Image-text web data

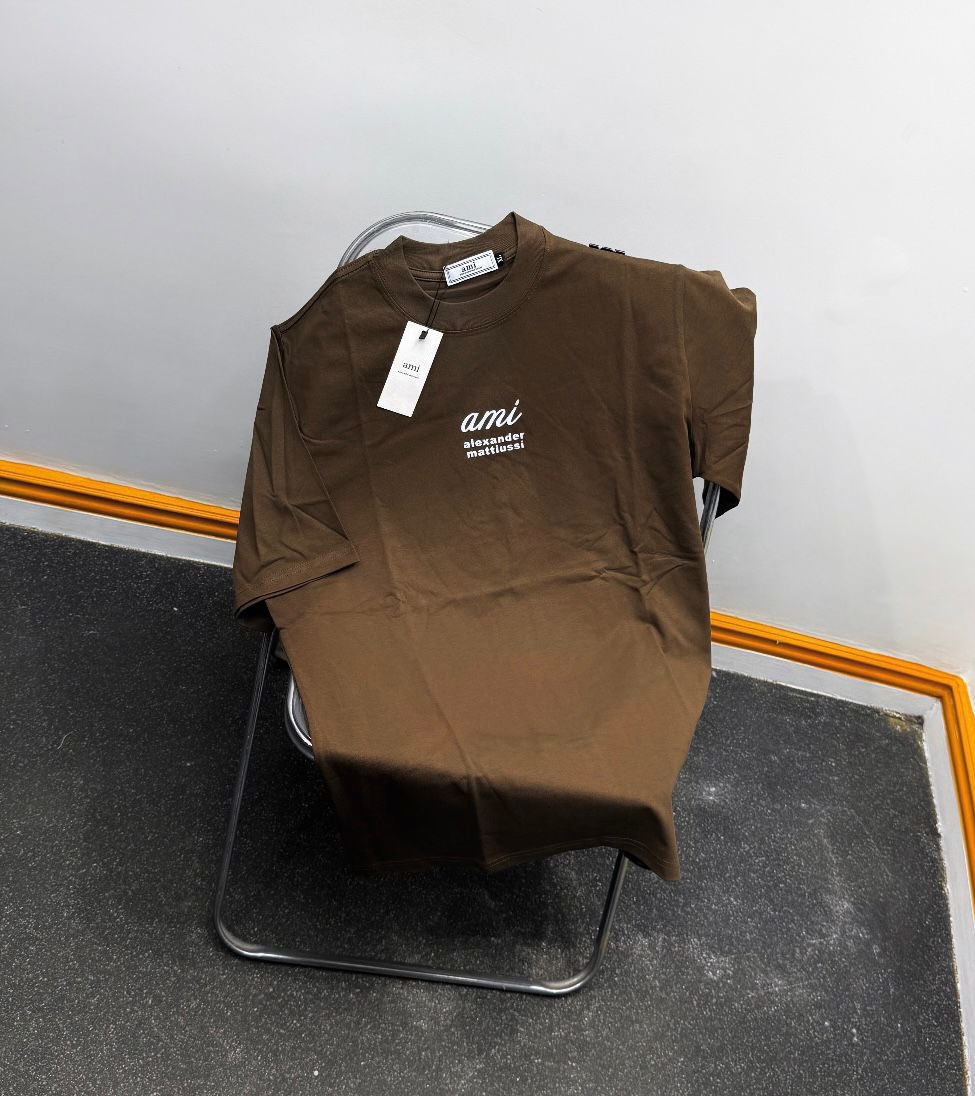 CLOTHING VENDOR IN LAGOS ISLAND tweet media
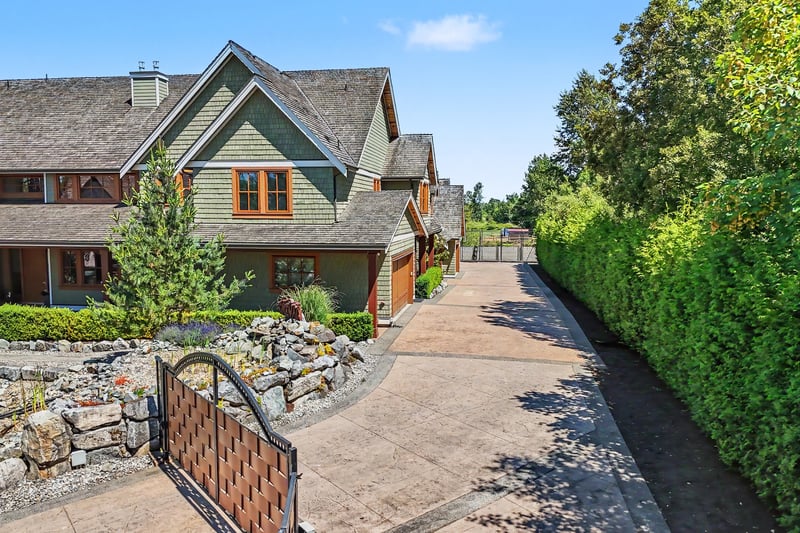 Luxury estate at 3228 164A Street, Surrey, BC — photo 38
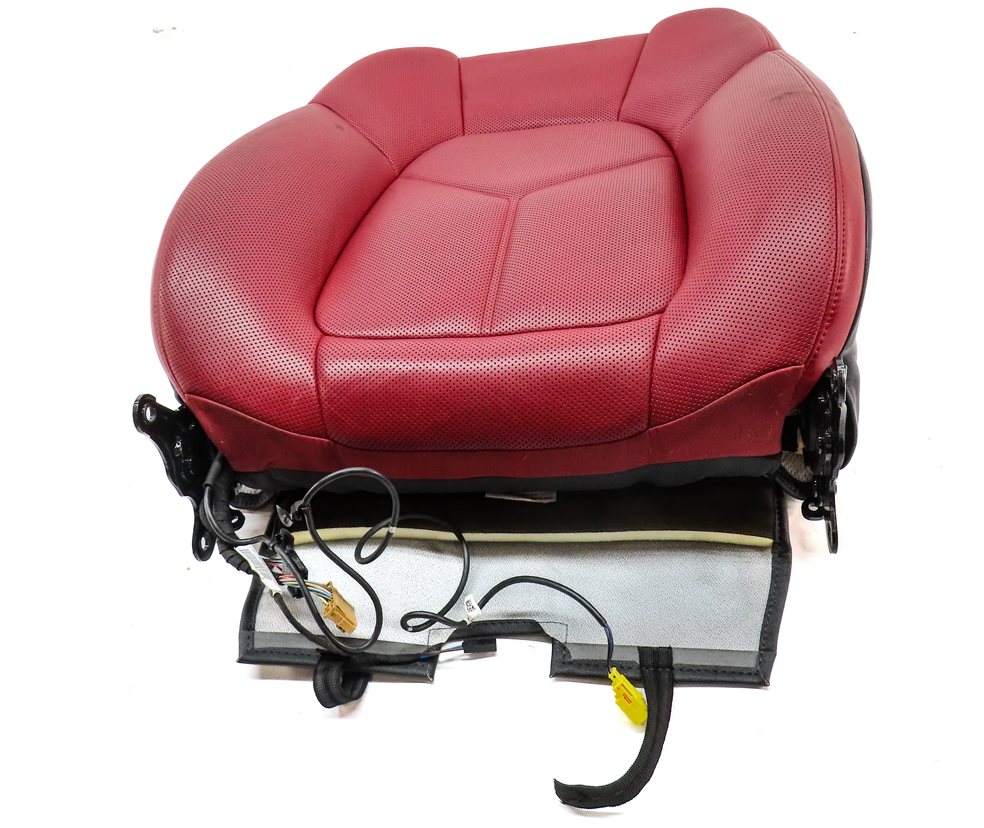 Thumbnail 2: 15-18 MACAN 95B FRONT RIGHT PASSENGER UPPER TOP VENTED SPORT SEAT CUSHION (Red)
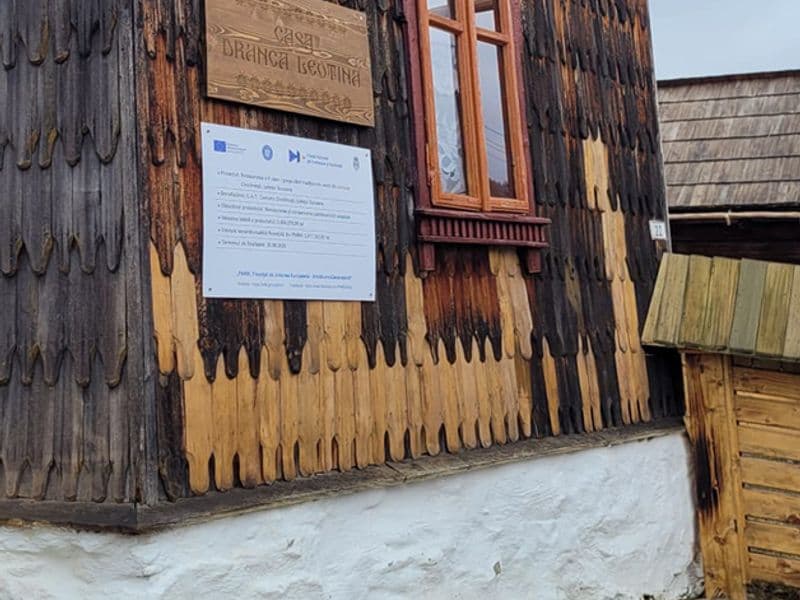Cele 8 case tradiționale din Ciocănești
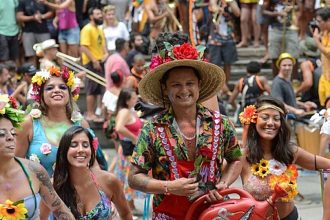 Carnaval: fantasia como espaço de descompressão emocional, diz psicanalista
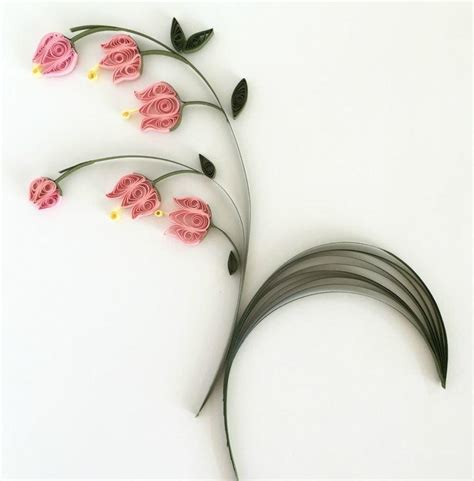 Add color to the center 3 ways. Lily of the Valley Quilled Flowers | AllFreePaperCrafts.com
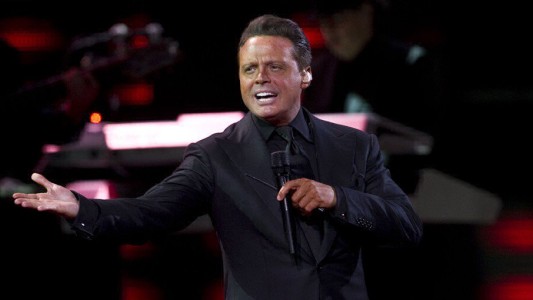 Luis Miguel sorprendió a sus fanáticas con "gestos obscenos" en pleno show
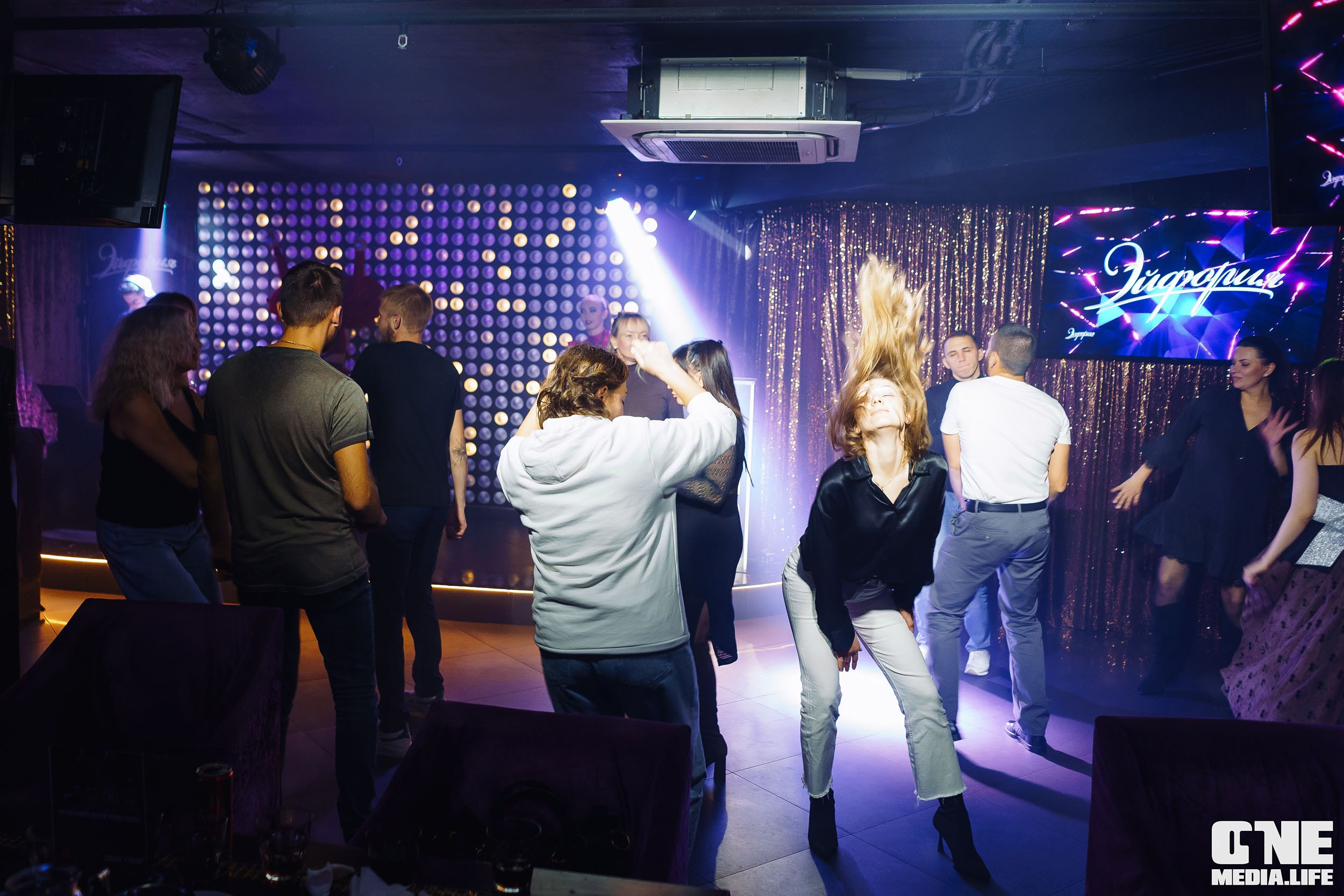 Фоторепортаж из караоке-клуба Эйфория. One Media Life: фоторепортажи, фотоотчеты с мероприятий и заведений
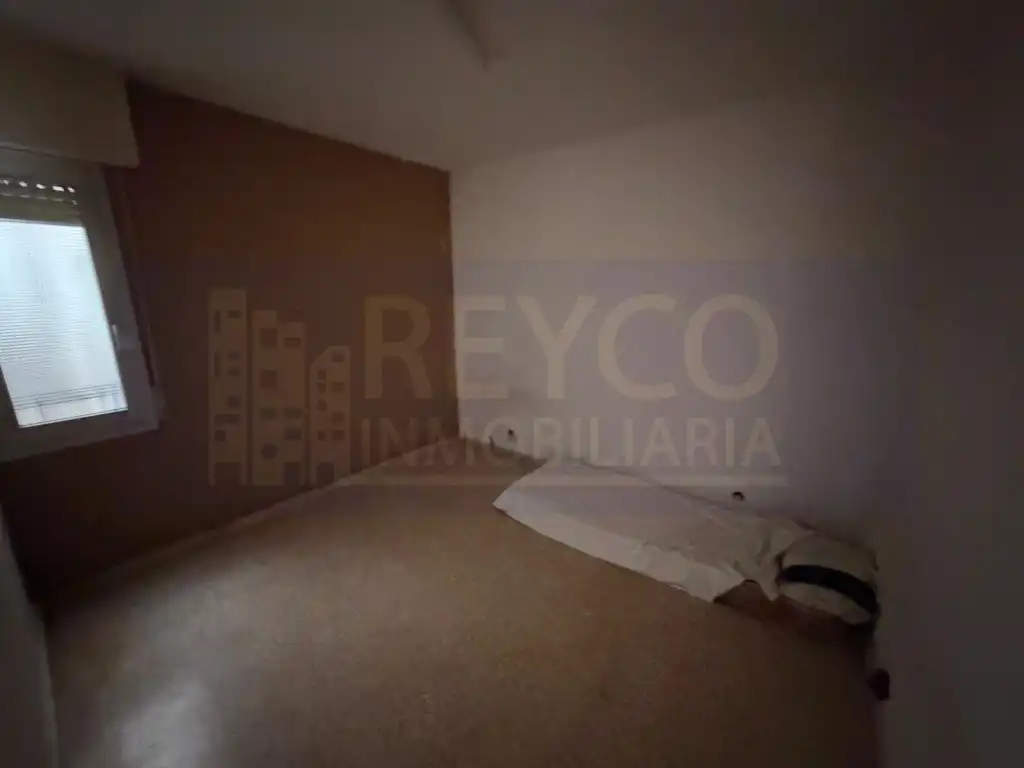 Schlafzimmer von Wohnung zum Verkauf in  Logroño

*Exercise description*. Restate the data above word for word. Skip every picture.

*Solution*.
 CLOTHING VENDOR IN LAGOS ISLAND tweet media
 Luxury estate at 3228 164A Street, Surrey, BC — photo 38
 Thumbnail 2: 15-18 MACAN 95B FRONT RIGHT PASSENGER UPPER TOP VENTED SPORT SEAT CUSHION (Red)
Cele 8 case tradiționale din Ciocănești
 Carnaval: fantasia como espaço de descompressão emocional, diz psicanalista
 Add color to the center 3 ways. Lily of the Valley Quilled Flowers | AllFreePaperCrafts.com
 Luis Miguel sorprendió a sus fanáticas con "gestos obscenos" en pleno show
 Фоторепортаж из караоке-клуба Эйфория. One Media Life: фоторепортажи, фотоотчеты с мероприятий и заведений
 Schlafzimmer von Wohnung zum Verkauf in  Logroño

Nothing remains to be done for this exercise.